- Nearly six in 10 (59%) Super Bowl viewers find it important to keep up with the game on multiple devices, a 16% increase from last year's championship, a new study by mobile video ad network AdColony found. Viewers are expected to use their mobile devices during the game to text (47% of survey respondents), browse social media (43%), order food for delivery (25%) or play games (25%). A quarter of viewers will download sports-related apps before kickoff.
- Eighty-five percent of game viewers said they're interested in the ads that air during the big game, and 69% are likely to discuss those ads via their smartphone, per the survey. About half of audiences (51%) are estimated to search for an ad they saw during the game and watch it again, up 7% from 2021.
- Despite 54% of people not planning to attend an in-person watch party on Feb. 13, a growing portion of Super Bowl viewers are looking to connect online, pointing to opportunities for marketers to reach second-screening audiences as they multitask during the game.
While broadcast TV remains the top device for watching the game (68%) — 27% plan to stream on connected TV — more viewers are expected to turn to their mobile devices during gameplay, timeouts and ads this year compared with Super Bowls past.
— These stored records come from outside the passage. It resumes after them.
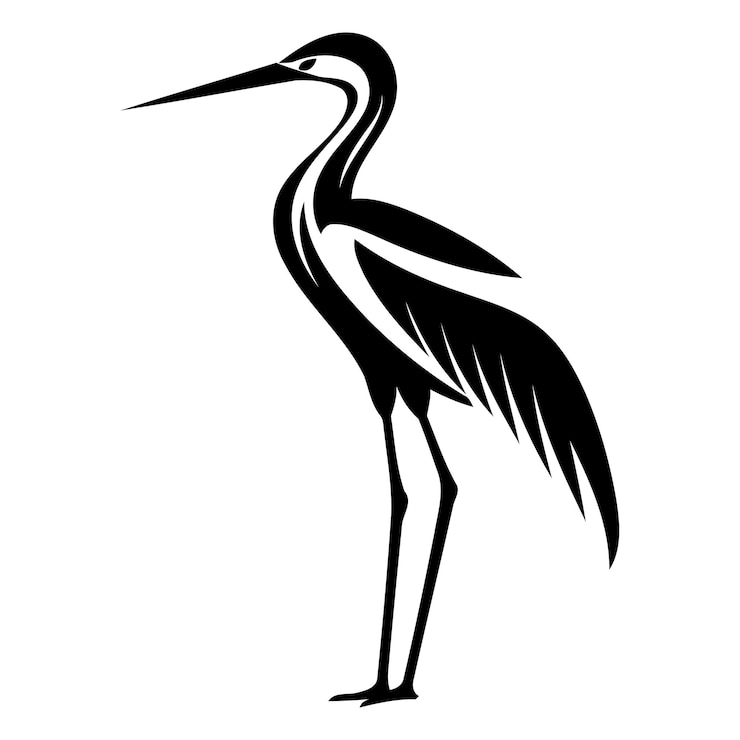Vector gratuito elegante silueta en blanco y negro de una garza de pie, perfecta para logotipos, marcas o elementos decorativos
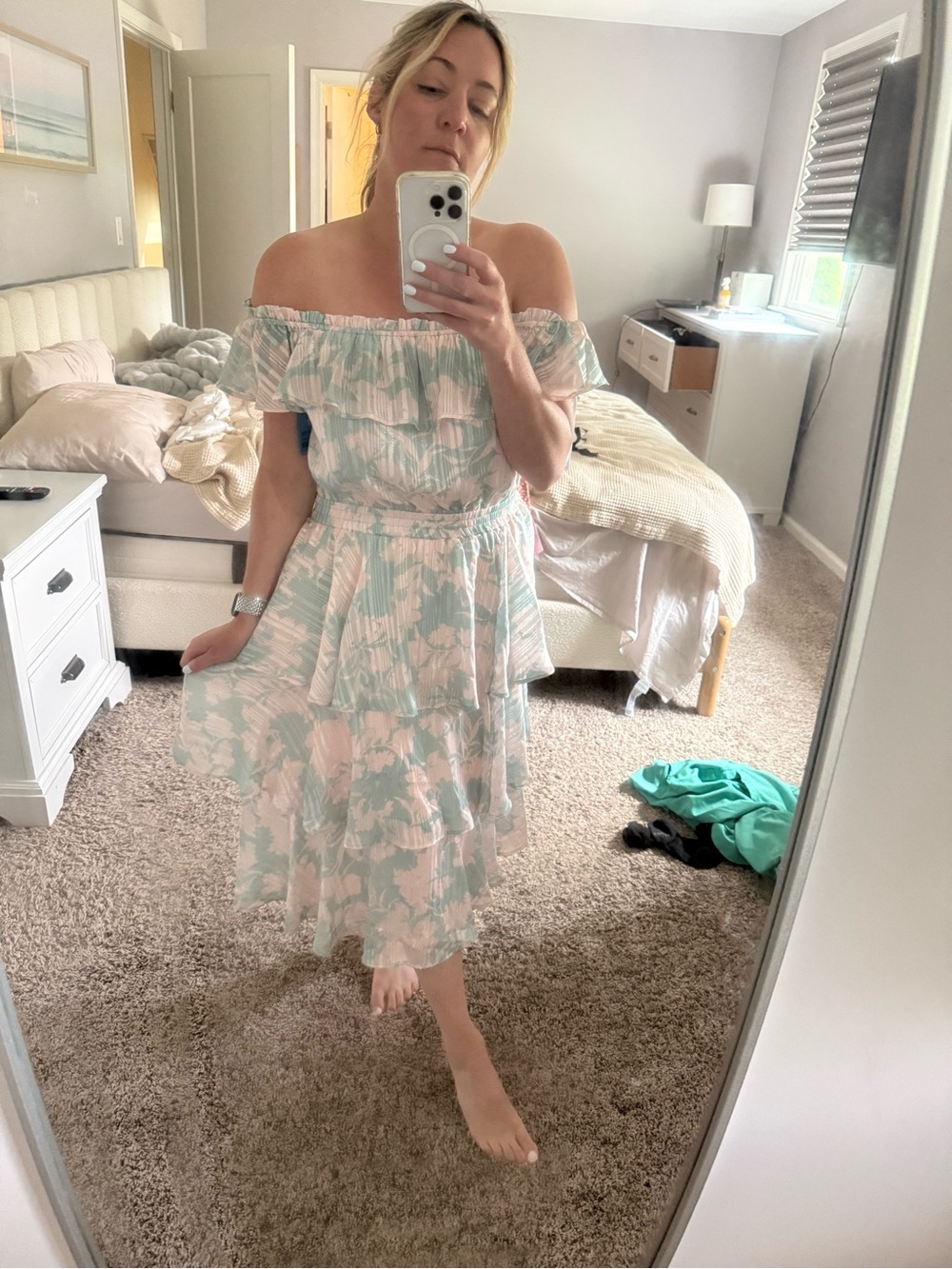 Lulu's Garden Glam Teal Floral print off the shoulder tiered midi dress Size Med - Picture 3 of 5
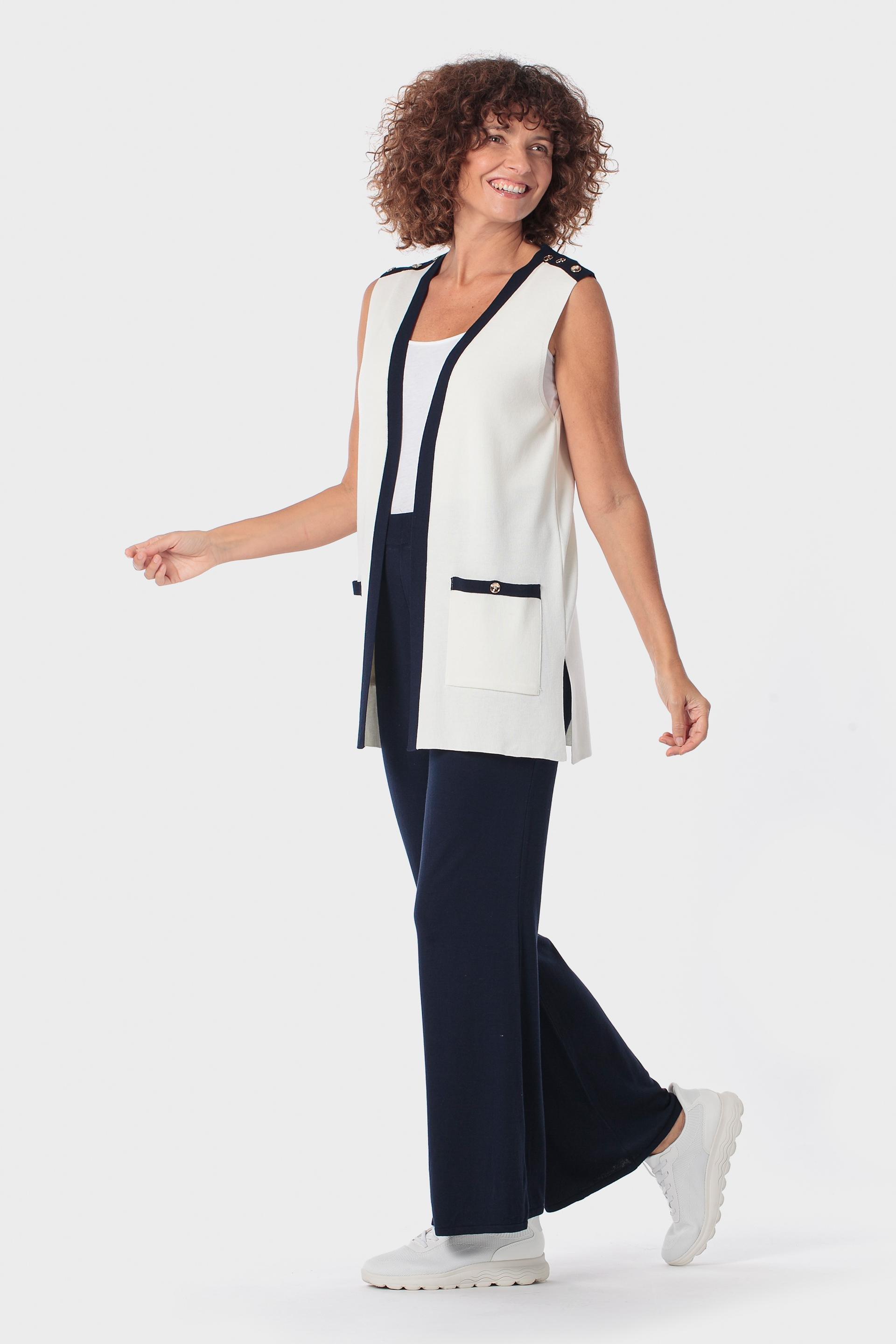 White Two-Tone Waistcoat, Beige Talc, large image number 1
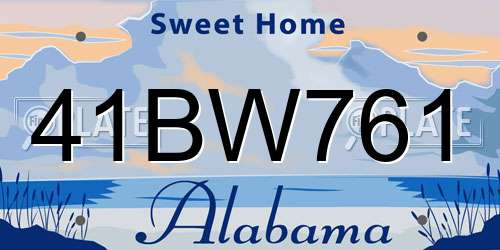 41BW761 Alabama License Plate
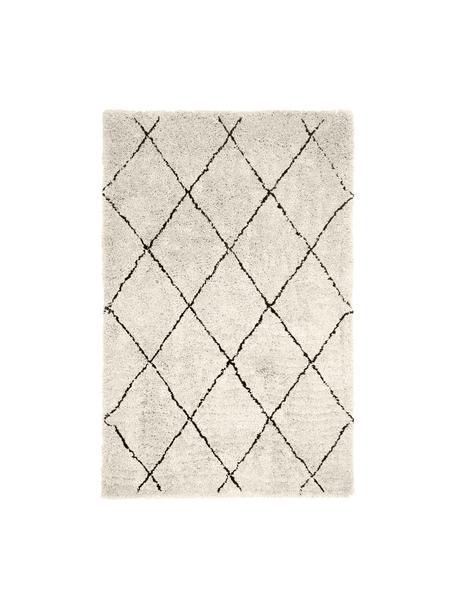 Flauschiger Hochflor-Teppich Naima, handgetuftet, Flor: 100% Polyester, Beige, Schwarz, B 80 x L 150 cm (Grösse XS)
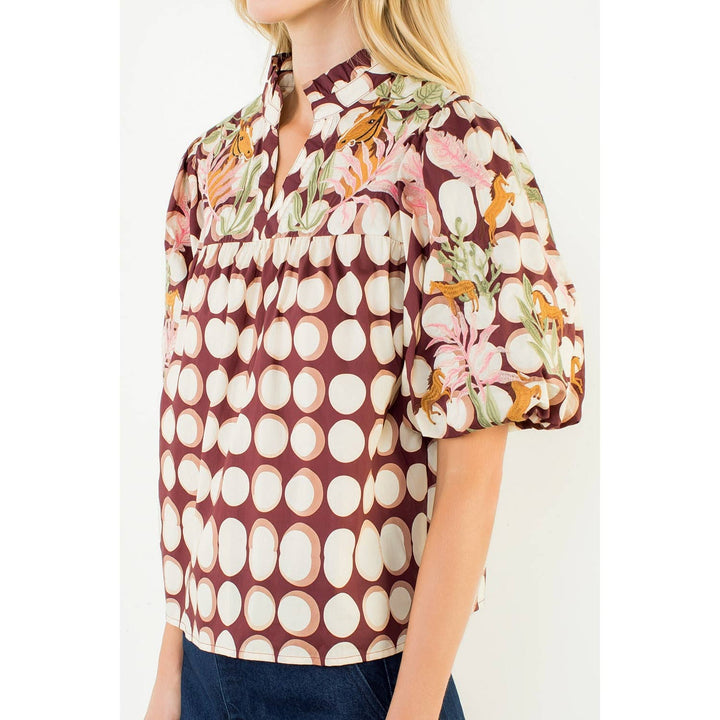 Puff Sleeve Embroidery Top
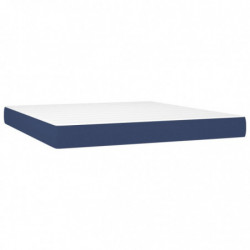 Boxspringbett mit Matratze & LED Blau 160x200 cm Stoff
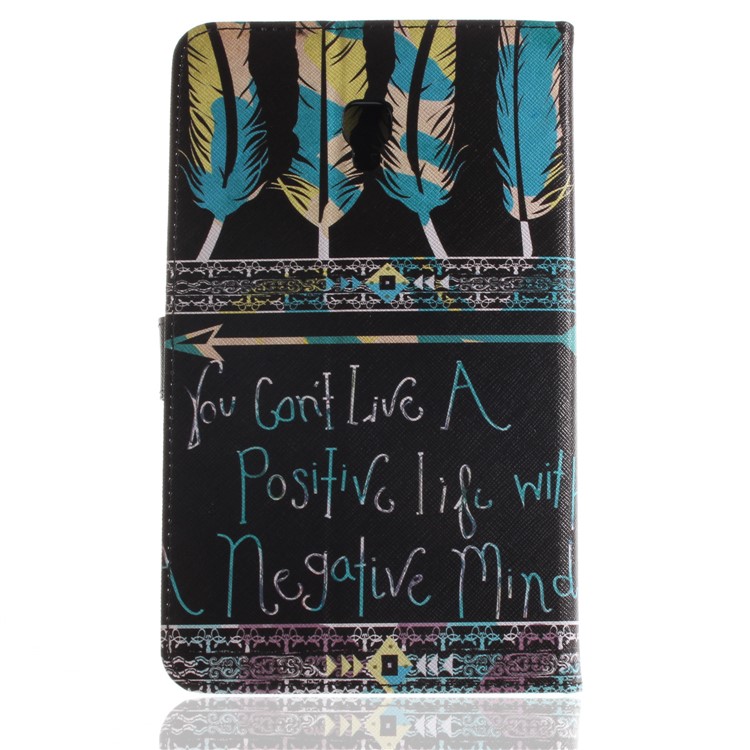Pattern Printing PU Leather Card Holder Cover Case for Samsung Galaxy Tab A 8.0 (2017) SM-T385 - Feathers Pattern-3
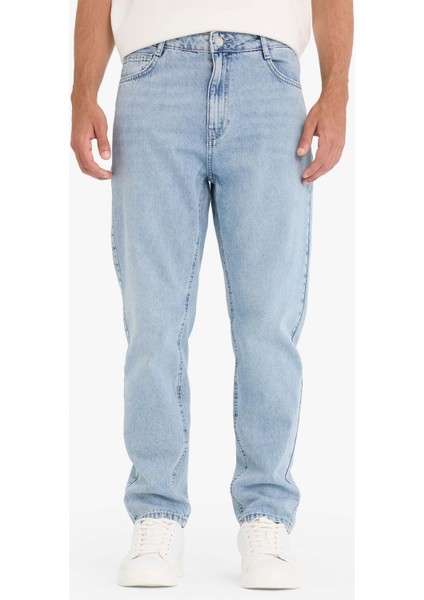 %100 Pamuk 90's Slim Fit Dar Kalıp Yüksek Bel Dar Paça Jean Yıkamalı Pantolon E1371AX25AU fırsatları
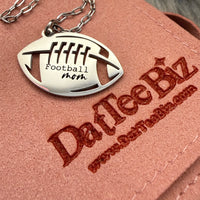 Football Mom Engraved Charm & Chain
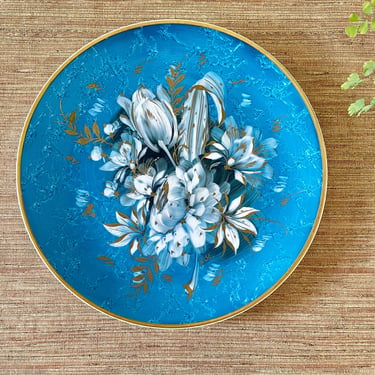 Vintage Decorative Plate - Florencia Hand Painted Floral 12" Wall Plate - Blue White Gold - Wall Decor - Floral Collectible Plate 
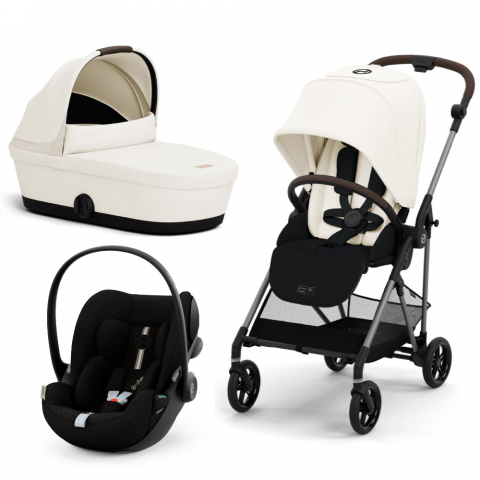 Carucior Cybex Melio B 3 in 1 Canvas White cu Scoica Auto Cloud G i-Size Plus reclinabila [0]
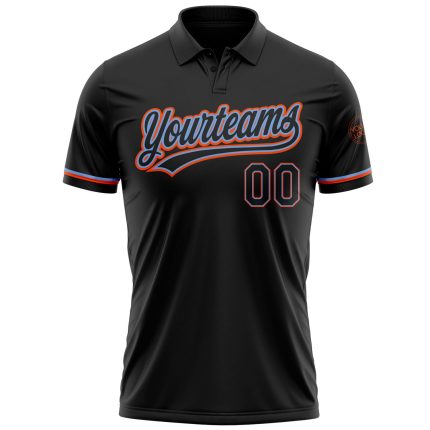 Custom Name Number Black Powder Blue-Orange Vapor Golf Polo Shirt Performance Team Apparel Personalized Black Black Powder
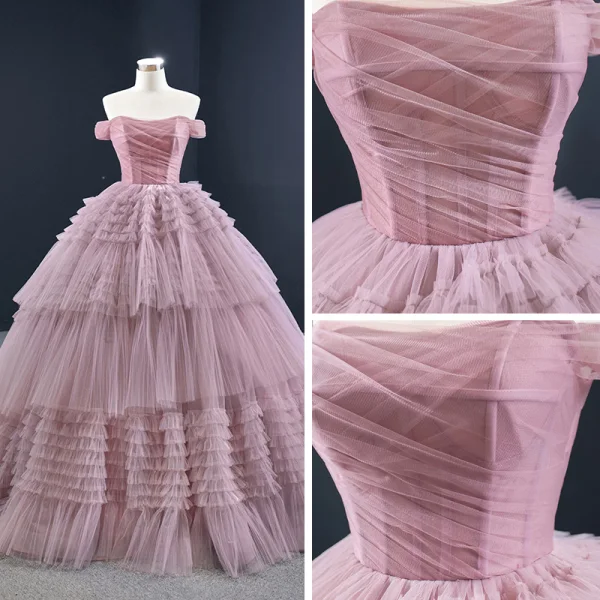 Luxury / Gorgeous Blushing Pink Prom Dresses 2020 Ball Gown Off-The-Shoulder Short Sleeve Court Train Cascading Ruffles Backless Formal Dresses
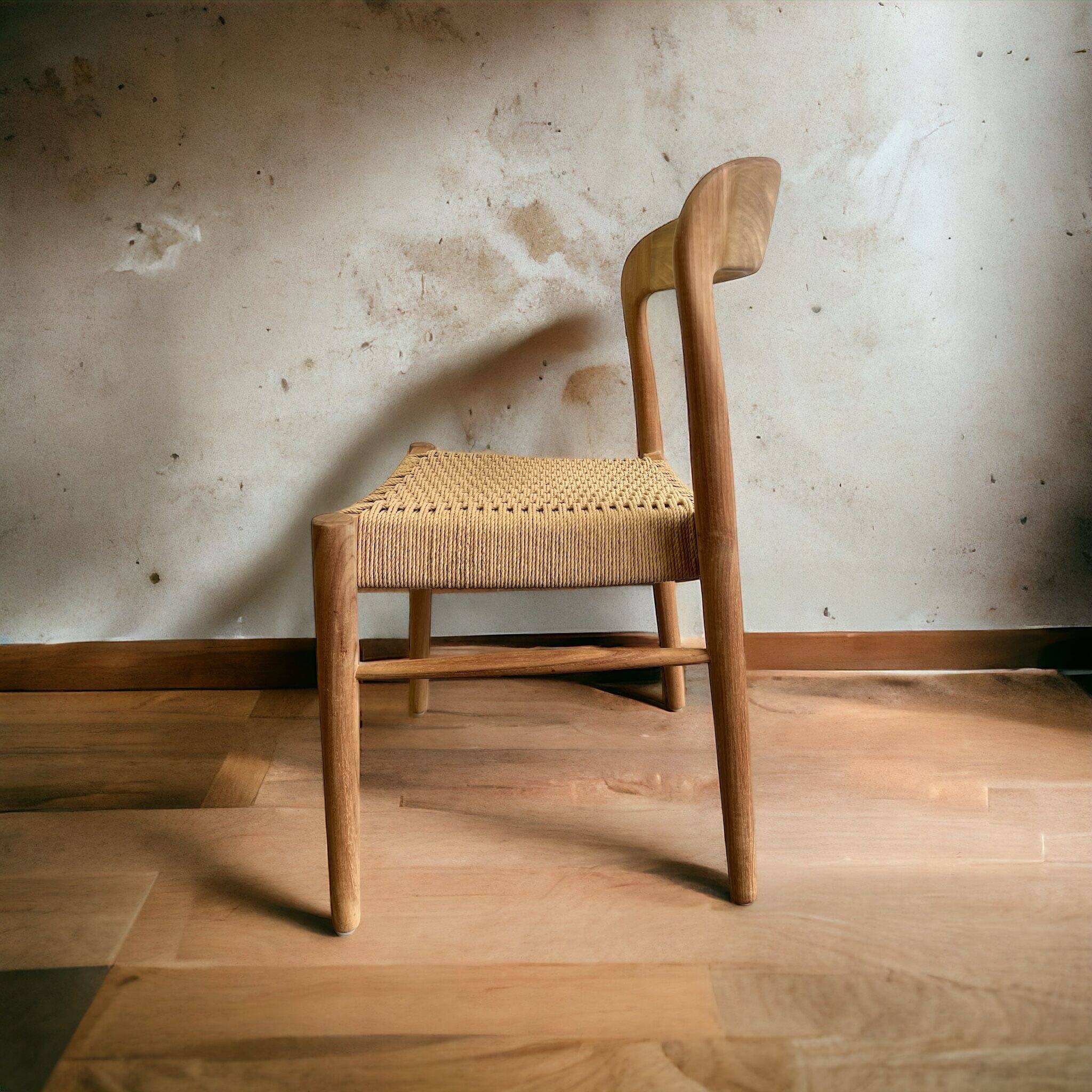 Teak and rope bistro chair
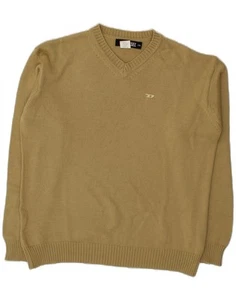 DIESEL Womens V-Neck Jumper Sweater UK 20 2XL Khaki Merino Wool CK01 - Picture 1 of 3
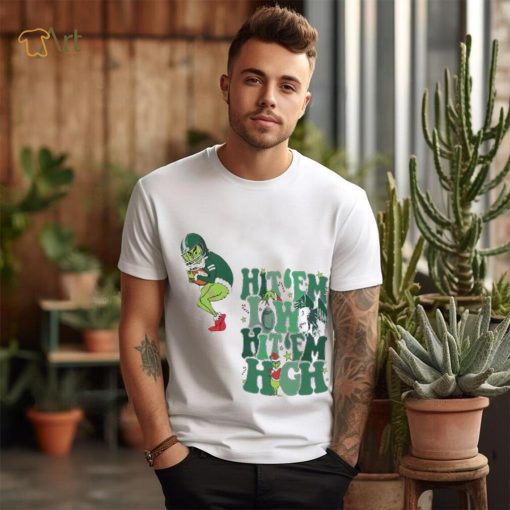 Football Santa Grinch Hit Em Low Hit Em High Shirt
This uptick in second-screening during the championship game suggests ripe opportunities for marketers to connect with mobile-savvy viewers in ways that don't involve a pricey ad buy.
NBC is estimated to charge advertisers up to $6.5 million for 30 seconds of airtime. Some brands still consider the annual sporting event worth the record-high price tag, but others are taking different approaches with counterprogramming efforts that ride the night's buzz and tap into the increasing amount of time consumers spend on their smartphones.
Pepsi, for example, is expanding its Super Bowl Halftime Show sponsorship into a bigger campaign that includes a dedicated mobile app featuring behind-the-scenes footage from a cinematic trailer for the event, prop giveaways and the chance to win gear like footballs signed by Dr. Dre. The move extends Pepsi's Super Bowl effort beyond the big screen in a multichannel approach that recognizes many viewers may be on their phones during the game.
AdColony found that 53% of Super Bowl viewers this year will look to CTV to provide stats or additional content from the game, while 36% will do so on a mobile device. Marketers can use these insights to plan their gameday strategies for reaching second-screeners on Super Bowl Sunday as they text, browse social media, order food or play mobile games.